RECORDED DATA:
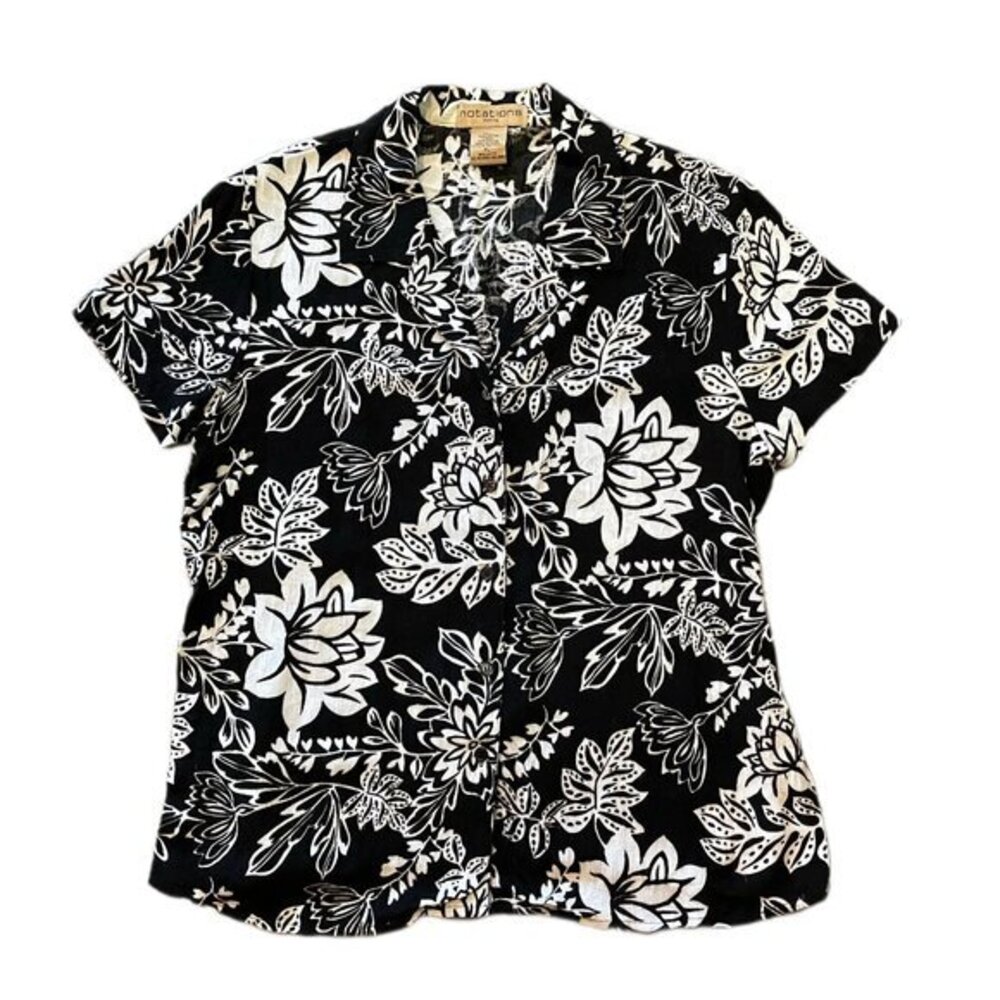 Vintage 80’s Notations black and white Floral Women’s Shirt Size Petite L
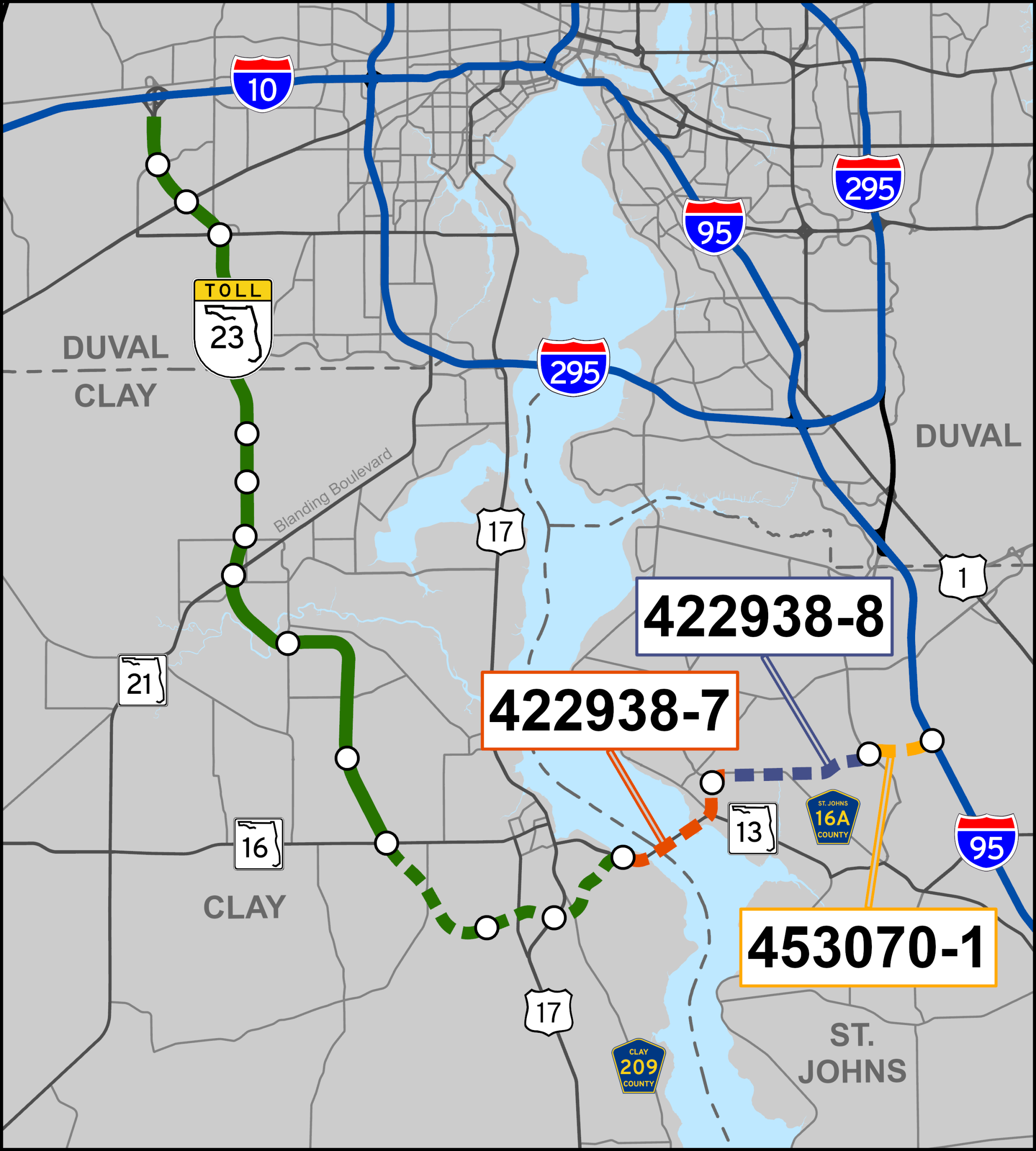 Map showing route 23 tollway and major interstates around Duval and Clay counties with project numbers highlighted.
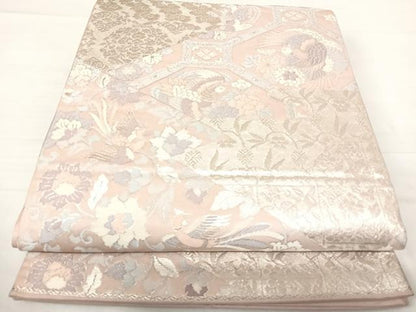 平和屋着物◎六通柄袋帯 花鳥文 銀糸 正絹 逸品 AABE7247yx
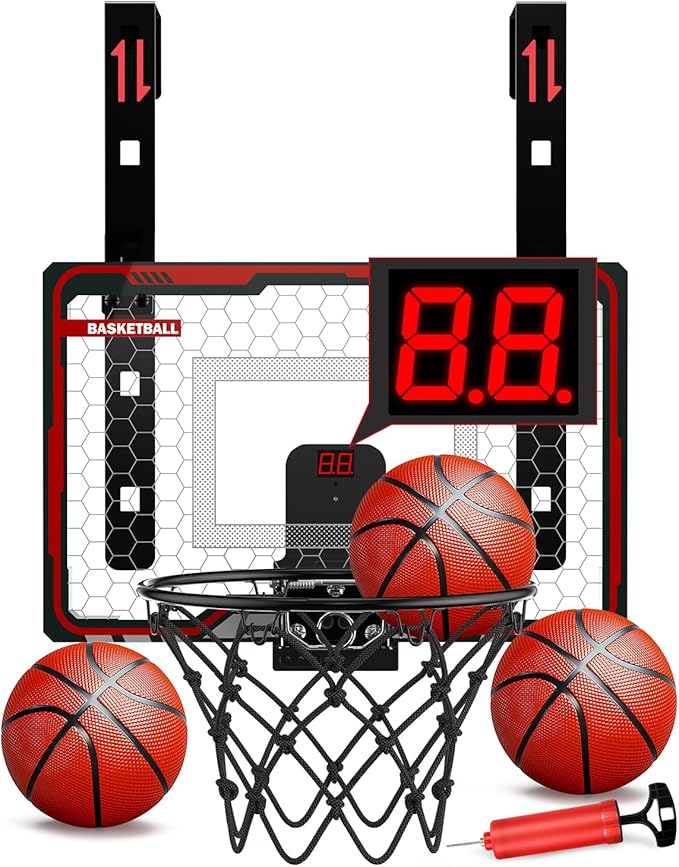 HopeRock Indoor Basketball Hoop for Kids, Over The Door Mini Basketball Hoops, with LED Light, Scoreboard, Birthday Toys Gifts for 5 6 7 8 9 10 11 12+ Year Old Boys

ASSIGNED TASK:
Quote the preceding listing precisely and completely, omitting its images.

ANSWER SECTION:
 Vintage 80’s Notations black and white Floral Women’s Shirt Size Petite L
 Map showing route 23 tollway and major interstates around Duval and Clay counties with project numbers highlighted.
 平和屋着物◎六通柄袋帯 花鳥文 銀糸 正絹 逸品 AABE7247yx
 HopeRock Indoor Basketball Hoop for Kids, Over The Door Mini Basketball Hoops, with LED Light, Scoreboard, Birthday Toys Gifts for 5 6 7 8 9 10 11 12+ Year Old Boys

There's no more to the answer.